'Desk Rage' Is a 'Silent Epidemic' Among Assholes


There’s this crazy new thing happening called “people hating their jobs” that has spawned this other new thing called “Desk Rage.” It’s basically being really annoyed with stuff that happens… at work.

According to a Telegraph article that contains the delightfully inscrutable phrases “het up” and “niggles,” Brits suffer from “desk rage” an average of twice per day over everything from credit-stealing coworkers to printer malfunctions to “skipping the tea round.” (I’m assuming that in American English, that’s sort of like when a coworker takes the last cup of coffee and doesn’t make a new pot even though it takes like THIRTY GODDAMN SECONDS FOR THE FUCK OF SHIT I AM NOT YOUR MOTHER, COWORKERS.) At any rate, British workers are super mad at work, like, all the time.

First of all, if you’re experiencing DESK RAGE — a phenomenon TIME calls a “silent epidemic“— then congratulations, you not only have a job, you have a job that allows you to sit down for most of the day. You’re already way ahead of a child in a Bangladeshi basketball factory and 100% of the undocumented farm workers responsible for harvesting the wilted lettuce bed that lies forlornly underneath the last stale bagel in the break room that you’re soooooOOoooo mad about because they’re not the GOOD bagels. And secondly, we can’t just go around declaring basic things that annoy people rage syndromes. It’s disrespectful to the concept of rage.

Rage is, by definition, irrational and overblown, but being irritated with the daily minutiae of the yellow wallpaper that is your existence is a pretty standard part of the human experience. Rage is a guy getting out of his car and smacking a stranger because he hesitated for too long after the light turned green. Rage is punching a wall so hard that you break your hand because you missed a layup. Rage is silly. Rage is when a cartoon character’s head turns into a teapot and begins shooting steam out of the spout for comedic effect. Rage is so overwhelming that it demands a betrayal of composure.

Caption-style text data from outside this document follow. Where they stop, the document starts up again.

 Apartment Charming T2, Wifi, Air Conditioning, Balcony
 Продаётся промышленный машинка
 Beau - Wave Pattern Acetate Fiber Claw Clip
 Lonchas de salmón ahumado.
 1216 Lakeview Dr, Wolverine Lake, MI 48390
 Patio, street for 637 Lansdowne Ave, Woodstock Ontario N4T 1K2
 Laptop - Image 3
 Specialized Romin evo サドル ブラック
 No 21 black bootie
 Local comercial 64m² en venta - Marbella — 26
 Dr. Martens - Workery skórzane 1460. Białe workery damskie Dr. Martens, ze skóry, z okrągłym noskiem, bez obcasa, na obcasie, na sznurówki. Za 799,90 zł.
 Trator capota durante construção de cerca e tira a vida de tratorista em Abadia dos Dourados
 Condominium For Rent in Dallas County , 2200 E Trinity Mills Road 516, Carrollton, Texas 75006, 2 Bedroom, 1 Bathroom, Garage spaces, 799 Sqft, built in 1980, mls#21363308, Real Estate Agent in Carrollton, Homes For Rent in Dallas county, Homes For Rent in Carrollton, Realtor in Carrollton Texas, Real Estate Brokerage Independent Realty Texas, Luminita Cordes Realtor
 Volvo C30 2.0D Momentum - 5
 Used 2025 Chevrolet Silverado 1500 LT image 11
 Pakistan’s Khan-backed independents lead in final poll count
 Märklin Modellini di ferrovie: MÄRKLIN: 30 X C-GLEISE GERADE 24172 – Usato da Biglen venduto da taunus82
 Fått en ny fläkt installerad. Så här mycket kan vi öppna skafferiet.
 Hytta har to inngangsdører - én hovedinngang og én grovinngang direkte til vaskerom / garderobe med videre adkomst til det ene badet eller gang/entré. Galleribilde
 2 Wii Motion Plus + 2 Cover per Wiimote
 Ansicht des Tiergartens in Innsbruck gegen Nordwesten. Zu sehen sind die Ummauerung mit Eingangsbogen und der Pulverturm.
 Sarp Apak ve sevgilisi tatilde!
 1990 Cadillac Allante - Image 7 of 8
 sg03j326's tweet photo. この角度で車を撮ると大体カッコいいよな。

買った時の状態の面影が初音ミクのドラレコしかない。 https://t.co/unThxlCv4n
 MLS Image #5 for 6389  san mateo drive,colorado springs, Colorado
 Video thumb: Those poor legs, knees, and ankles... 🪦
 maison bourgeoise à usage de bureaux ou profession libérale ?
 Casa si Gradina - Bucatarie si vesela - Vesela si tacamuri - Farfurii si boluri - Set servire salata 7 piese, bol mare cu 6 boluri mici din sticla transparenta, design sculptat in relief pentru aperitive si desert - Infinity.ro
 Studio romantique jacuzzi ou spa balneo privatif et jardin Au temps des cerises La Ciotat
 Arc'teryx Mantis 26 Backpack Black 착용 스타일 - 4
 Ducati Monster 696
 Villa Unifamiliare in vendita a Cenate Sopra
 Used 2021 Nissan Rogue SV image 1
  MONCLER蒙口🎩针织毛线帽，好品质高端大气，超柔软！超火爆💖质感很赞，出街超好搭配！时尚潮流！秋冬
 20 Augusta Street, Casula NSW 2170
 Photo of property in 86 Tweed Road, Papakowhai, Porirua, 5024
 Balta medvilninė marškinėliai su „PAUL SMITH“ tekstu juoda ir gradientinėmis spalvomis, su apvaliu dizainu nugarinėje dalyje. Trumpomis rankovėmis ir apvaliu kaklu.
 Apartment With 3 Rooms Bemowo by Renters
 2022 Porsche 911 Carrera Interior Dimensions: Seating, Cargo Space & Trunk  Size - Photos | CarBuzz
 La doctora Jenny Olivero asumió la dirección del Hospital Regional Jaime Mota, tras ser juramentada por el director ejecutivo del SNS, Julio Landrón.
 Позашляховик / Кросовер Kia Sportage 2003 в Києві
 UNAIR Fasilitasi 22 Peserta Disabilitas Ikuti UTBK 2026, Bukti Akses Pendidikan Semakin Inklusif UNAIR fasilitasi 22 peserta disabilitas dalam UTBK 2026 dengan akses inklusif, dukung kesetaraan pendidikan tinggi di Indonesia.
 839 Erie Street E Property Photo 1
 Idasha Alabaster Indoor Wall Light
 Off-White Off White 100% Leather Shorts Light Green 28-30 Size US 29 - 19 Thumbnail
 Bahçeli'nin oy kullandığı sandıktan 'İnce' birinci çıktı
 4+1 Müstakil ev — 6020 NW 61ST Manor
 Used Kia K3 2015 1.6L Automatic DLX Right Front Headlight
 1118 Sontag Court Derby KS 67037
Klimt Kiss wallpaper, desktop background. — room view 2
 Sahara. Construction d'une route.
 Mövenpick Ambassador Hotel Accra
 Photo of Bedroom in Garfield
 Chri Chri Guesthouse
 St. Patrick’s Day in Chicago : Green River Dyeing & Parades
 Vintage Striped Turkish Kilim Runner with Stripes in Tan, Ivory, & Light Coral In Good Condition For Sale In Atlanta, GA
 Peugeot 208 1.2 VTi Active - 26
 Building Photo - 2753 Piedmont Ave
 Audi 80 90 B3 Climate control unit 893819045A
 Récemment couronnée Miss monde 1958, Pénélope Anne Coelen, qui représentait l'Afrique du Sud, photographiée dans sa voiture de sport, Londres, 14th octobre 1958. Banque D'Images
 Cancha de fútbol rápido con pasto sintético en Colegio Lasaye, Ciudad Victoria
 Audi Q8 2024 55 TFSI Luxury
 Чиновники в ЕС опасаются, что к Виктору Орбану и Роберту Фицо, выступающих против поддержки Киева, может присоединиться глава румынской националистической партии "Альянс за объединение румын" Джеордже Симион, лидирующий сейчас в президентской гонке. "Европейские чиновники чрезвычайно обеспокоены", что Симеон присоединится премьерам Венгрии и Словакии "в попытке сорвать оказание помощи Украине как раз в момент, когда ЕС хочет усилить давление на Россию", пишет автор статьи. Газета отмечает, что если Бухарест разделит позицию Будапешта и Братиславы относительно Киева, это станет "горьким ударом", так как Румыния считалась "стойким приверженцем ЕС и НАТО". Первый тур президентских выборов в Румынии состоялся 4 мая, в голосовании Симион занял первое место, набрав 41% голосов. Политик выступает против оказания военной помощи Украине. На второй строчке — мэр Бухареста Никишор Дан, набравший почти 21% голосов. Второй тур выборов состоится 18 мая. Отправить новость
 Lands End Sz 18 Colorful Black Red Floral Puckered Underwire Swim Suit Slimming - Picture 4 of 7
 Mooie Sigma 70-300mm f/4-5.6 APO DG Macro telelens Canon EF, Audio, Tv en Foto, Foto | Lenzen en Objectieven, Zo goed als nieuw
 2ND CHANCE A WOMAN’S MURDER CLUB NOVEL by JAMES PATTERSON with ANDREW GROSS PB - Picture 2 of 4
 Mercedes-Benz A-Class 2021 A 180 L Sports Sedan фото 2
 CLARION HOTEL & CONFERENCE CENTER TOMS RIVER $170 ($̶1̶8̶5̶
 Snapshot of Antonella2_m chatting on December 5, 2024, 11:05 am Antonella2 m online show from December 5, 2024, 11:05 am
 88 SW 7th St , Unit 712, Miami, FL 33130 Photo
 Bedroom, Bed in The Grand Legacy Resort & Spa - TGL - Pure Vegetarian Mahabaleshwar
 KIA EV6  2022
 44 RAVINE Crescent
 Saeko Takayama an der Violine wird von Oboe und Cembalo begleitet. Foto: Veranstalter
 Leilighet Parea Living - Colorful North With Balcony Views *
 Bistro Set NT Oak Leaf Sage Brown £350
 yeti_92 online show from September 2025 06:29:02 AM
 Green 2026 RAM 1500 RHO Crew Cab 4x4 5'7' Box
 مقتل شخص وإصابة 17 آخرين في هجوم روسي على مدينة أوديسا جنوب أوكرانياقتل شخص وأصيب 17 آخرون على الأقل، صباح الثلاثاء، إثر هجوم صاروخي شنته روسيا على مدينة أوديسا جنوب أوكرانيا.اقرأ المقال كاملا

Here’s what rage isn’t: rage isn’t “being reeeeally annoyed.” It’s not the feeling you get when you’ve strategically timed your visit to the work bathroom for an afternoon poop and like 5 seconds after you sit down, one of your coworkers comes in and takes the stall next to you and just sits there not making any noise OH MY GOD WHAT ARE YOU DOING IN THERE. When the person ahead of me in line for the water fountain at the gym takes what feels like 5 minutes filling their goddamn water bottle while I sit there panting like Old Yeller right behind them, I may feel a little like taking their water bottle and clubbing them with it, but as long as I keep it together, what I’m experiencing doesn’t deserve it’s special capital-R Rage syndrome. There’s no such thing as Clerk at the American Apparel Won’t End Phone Conversation About tUnEyArDs So I Can Just Buy Some Goddamn Tights With Cash Rage. Unless I physically tear the enormous backpack from the guy who keeps bumping into me with it during rush hour on the train, there’s no Guy Riding the L Train Oblivious To Size of Giant Backpack Rage. Nor is there Getty Pictures Are Taking Too Long to Download Rage or My Internet Is Being Weird Rage or Seriously Another Motherfucking Site Redesign!? Rage.

So the next time you feel yourself succumbing to the epidemic of desk rage, remind yourself that you have a job, and a desk, and that you’re really not that mad. Besides, if you weren’t at work, you’d figure out something else at which to be angry. Your neighbor who plays the drums. Your cat. The sun. The clouds. People who complain about their jobs constantly.